**TASK REQUIREMENTS:** Your output should consist solely of the lines from the one holding "Büyükşehirden metruk yapı" to the end of the records below, inclusive, reproduced exactly and free of pictures.

**SOURCE DATA:**
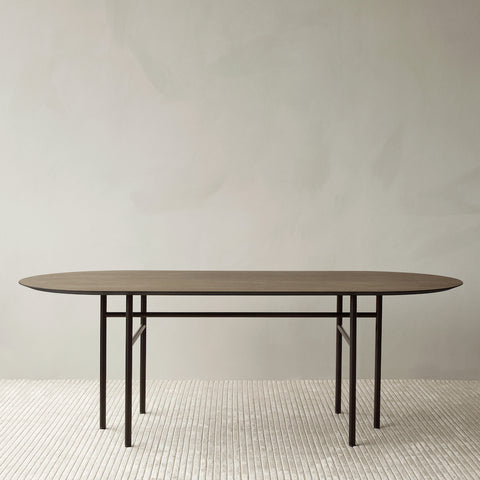 Snaregade Dining Table, Oval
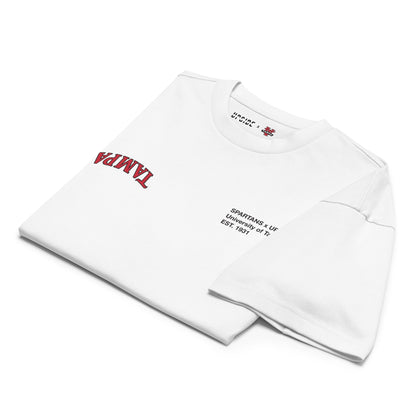 Tampa x Upside Oversized Tee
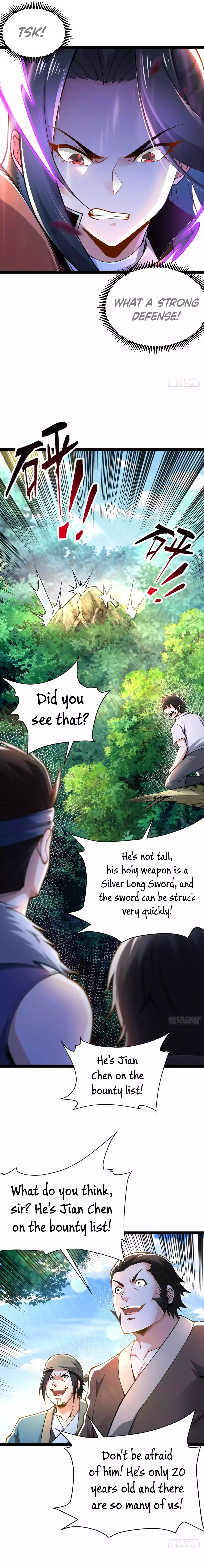 Chaotic Sword God Chapter 78 - 6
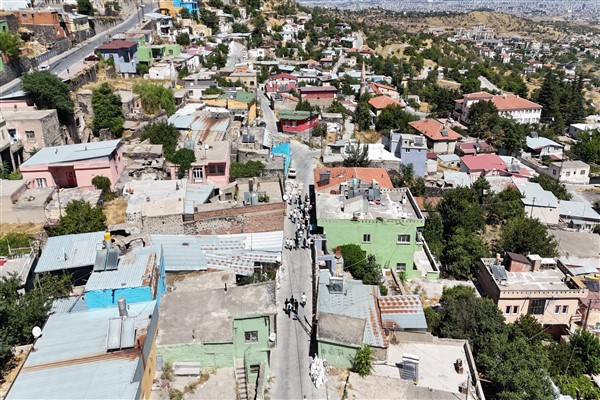 Büyükşehirden metruk yapı ve hasarlı yapı tespit semineri ve saha uygulaması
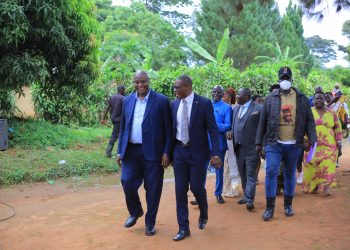 District Governor Lukooya Mukoome Promises Better Services for Koome Sub-county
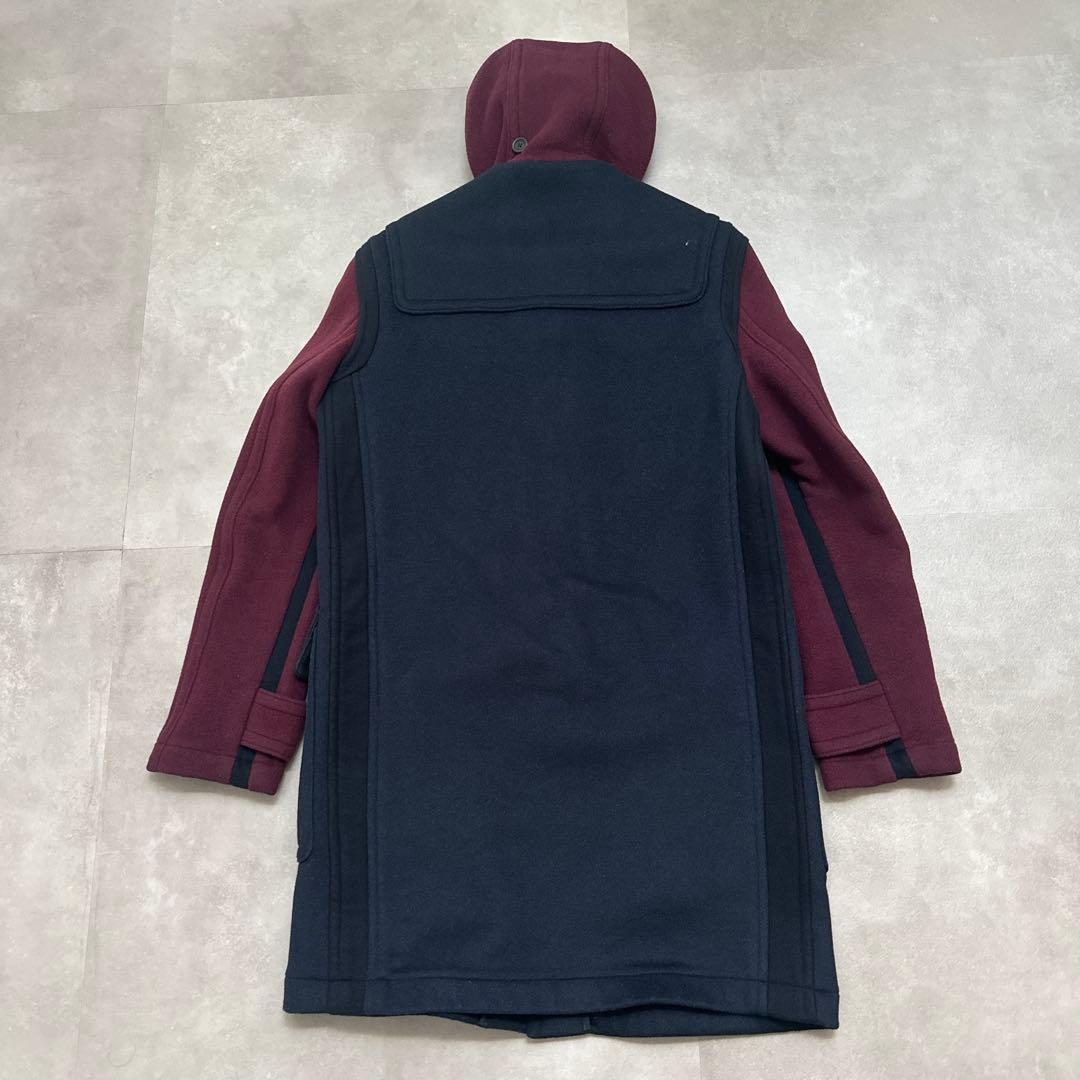 バーバリーブリット　ダッフルコート　ロングコート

**PROBLEM SOLUTION:**
 Büyükşehirden metruk yapı ve hasarlı yapı tespit semineri ve saha uygulaması
 District Governor Lukooya Mukoome Promises Better Services for Koome Sub-county
 バーバリーブリット　ダッフルコート　ロングコート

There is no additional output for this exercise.